Veritas Academy Students Score Highest on 2015 ACT Scores with 27.4

Local high school students are in sync with their national peers, according to 2015 ACT College Readiness Data. Nationally, students got an average composite score of 21 on a scale of 1 to 36. Locally, the average score is exactly the same, weighing in at 21.

The ACT is an achievement test based on curriculum, gauging those skills taught in the classroom that are deemed necessary for first-year college success. Evaluated 2015 scores are from Veritas Academy, Trinity Christian School, Pleasant Grove High School, Texas High School, Arkansas High School, Fouke High School, Liverty-Eylau High School and Genoa Central High School. On average, the scores are almost a half-point higher than last year's average of 20.6.

This year, Veritas Academy scored the highest with 27.4. Trinity was four points behind the top score with 23.3. Pleasant Grove is third, with 21.5; Texas High is fourth locally, with 20.5. Arkansas High's composite score was 19.7, Fouke is ranked sixth with 19.5; Liberty-Eylau follows with 18.4; and Genoa falls at the bottom of the list, with 17.9.

The national report is based on 1.9 million students tested.
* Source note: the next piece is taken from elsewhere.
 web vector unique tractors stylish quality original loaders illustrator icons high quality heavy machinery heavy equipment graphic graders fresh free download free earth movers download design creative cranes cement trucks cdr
Local numbers are based on 844 taking the test.

Veritas Academy The five students who took the exam at Veritas Academy scored a 27.4 average, nearly four points higher than last year’s 23.5. Overall, Veritas has consistently scored the highest of all area high schools. Headmaster Ben House said specific ACT prep classes aren’t offered to prepare students for the exam.

“I think it probably just comes out of a pretty rigorous curriculum. Our kids read a lot of classics. They all take higher math courses, lots of science. As a classical school, we certainly believe (that) though the ACT and SAT don’t focus on Latin, when it comes to what Latin does for the mind, that’s really a key for kids.”

He added that Veritas’ curriculum doesn’t focus on worksheets and technology, but rather logic, rhetoric and speech.

“They’re really looking at how language works,” House said. “From beginning to end, we have a heavy emphasis on reading classics, the big books, the Greek books, and discussing them. The goal of education is to teach children how to learn.”